Die Untersuchung der digitalen Geräte durch einen Sachverständigen hatte ergeben, dass lediglich auf einem Laptop sowie auf dem Handy Spuren der beiden illegalen Bilder gefunden wurden, die übrigen Geräte waren sauber. "Es konnte nicht mehr zugeordnet worden, woher das Bild kam", auch der Zeitpunkt sei völlig unklar, berichtet der Sachverständige.
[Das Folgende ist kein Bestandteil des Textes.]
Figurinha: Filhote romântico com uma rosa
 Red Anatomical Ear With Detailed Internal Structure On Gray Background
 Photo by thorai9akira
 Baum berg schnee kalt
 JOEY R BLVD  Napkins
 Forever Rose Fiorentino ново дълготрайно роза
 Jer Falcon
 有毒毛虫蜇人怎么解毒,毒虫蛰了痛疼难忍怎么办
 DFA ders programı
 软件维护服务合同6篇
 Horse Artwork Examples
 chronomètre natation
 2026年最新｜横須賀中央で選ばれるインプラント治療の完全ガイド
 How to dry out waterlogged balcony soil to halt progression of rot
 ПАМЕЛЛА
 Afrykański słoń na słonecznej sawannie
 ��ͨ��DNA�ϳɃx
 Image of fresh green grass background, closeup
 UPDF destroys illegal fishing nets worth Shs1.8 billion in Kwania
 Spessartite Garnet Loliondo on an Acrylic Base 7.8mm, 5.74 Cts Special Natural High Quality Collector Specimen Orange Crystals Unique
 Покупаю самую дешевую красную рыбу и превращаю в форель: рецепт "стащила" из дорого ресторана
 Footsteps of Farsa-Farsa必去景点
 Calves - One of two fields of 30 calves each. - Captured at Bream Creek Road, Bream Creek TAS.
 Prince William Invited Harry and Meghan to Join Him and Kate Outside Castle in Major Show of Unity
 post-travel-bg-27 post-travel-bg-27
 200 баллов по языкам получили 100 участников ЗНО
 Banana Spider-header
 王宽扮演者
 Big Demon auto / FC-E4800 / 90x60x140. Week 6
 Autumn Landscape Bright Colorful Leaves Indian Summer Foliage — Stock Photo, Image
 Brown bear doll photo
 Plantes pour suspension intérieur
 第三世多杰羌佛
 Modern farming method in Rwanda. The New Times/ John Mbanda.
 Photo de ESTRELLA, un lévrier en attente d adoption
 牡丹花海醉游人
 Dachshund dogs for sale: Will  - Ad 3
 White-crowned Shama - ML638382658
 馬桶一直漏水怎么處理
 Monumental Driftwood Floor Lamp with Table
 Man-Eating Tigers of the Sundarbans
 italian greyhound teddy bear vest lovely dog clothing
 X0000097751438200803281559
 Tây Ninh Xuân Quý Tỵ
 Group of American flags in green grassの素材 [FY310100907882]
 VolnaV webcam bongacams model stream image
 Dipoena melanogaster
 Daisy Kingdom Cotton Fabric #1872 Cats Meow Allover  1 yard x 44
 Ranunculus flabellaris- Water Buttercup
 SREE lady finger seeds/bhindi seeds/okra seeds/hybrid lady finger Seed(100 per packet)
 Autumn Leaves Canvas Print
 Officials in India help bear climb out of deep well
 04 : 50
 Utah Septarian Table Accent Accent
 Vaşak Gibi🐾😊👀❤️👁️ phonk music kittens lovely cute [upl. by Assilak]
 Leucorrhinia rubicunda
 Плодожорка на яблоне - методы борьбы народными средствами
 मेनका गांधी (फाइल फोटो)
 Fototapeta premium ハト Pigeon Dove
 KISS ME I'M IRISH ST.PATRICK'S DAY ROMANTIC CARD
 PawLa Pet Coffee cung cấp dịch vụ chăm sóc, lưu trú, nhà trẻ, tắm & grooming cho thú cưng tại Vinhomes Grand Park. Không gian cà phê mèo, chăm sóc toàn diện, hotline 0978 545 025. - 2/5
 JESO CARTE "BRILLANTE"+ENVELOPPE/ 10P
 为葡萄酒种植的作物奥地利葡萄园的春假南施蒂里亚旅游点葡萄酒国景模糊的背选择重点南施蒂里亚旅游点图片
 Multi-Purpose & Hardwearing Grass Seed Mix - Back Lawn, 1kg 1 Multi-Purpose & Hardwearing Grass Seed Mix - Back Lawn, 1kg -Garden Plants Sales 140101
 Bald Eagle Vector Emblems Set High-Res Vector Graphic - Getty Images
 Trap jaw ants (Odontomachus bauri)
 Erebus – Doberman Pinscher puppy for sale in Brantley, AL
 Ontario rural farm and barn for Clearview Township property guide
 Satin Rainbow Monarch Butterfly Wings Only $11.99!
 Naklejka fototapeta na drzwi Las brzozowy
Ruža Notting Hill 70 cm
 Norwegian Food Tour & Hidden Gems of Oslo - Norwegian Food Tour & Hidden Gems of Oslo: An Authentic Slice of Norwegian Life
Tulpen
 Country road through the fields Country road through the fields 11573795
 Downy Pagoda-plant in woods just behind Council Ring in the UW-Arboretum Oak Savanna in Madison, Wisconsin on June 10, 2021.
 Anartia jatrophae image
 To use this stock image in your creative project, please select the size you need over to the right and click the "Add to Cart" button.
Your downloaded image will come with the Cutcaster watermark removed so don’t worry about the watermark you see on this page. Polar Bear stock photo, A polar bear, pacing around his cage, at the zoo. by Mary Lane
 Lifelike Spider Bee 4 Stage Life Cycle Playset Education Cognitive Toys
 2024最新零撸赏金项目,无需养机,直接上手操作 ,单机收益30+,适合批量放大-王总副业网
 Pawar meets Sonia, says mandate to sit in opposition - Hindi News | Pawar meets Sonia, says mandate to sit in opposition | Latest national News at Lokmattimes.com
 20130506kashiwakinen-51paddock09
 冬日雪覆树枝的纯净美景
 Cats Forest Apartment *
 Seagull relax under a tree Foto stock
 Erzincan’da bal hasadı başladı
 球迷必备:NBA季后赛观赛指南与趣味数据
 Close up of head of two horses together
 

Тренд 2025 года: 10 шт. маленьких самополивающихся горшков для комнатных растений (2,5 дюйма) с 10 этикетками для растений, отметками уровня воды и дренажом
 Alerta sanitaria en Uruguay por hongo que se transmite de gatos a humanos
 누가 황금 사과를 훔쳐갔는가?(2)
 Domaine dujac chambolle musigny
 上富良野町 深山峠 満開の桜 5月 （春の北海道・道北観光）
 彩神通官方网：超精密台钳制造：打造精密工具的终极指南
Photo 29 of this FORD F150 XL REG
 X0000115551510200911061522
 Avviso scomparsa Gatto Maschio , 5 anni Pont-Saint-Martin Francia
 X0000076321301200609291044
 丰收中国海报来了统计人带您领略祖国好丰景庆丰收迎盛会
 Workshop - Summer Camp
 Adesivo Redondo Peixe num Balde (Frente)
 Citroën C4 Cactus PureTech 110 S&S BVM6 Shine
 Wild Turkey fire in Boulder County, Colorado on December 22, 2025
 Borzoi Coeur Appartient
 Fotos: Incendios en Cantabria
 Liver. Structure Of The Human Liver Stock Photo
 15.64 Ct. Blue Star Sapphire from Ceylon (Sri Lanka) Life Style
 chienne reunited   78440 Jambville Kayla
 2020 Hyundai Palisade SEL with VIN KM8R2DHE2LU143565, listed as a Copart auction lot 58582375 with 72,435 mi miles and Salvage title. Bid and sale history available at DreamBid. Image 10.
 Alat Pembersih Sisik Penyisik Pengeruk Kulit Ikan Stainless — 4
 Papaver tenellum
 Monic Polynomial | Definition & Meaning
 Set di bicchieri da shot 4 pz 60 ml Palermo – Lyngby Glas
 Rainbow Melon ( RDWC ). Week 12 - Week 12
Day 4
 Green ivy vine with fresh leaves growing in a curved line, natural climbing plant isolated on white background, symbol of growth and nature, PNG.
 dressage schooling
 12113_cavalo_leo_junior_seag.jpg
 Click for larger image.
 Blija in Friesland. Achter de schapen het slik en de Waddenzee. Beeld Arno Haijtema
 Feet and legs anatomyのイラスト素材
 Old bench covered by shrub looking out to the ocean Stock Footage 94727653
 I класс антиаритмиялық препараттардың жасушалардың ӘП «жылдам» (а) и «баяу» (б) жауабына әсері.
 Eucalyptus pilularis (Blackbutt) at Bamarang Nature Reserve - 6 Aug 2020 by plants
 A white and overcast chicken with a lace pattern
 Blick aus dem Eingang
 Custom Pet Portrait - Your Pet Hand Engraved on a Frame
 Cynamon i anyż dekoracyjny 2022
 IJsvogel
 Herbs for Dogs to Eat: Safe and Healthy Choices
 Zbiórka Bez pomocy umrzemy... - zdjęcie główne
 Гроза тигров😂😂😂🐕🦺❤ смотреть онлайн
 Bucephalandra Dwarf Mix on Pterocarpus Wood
Für den Staatsanwalt ist die Schuld des 27-Jährigen somit bewiesen. Da das Hochladen in der Wohnung passiert war und alle anderen Familienmitglieder als Schuldige auszuschließen seien, bleibe nur der Angeklagte übrig. Er beantragt eine sechsmonatige Bewährungsstrafe und 2000 Euro Geldauflage. "Wir haben hier zwei männliche Bewohner", kontert der Verteidiger. Er sehe keinen Grund, den Vater als Täter kategorisch auszuschließen. "Eigentlich wissen wir gar nichts", lautet sein Resümee; er fordert einen Freispruch. Dieser Ansicht folgt auch der Vorsitzende. Er sehe keinen Grund, warum allein der Angeklagte als Täter infrage komme und nicht auch mindestens noch der Vater sowie Gäste der Familienmitglieder. "Die Einlassung, ein anderer hätte das hochgeladen, ist nicht zu widerlegen."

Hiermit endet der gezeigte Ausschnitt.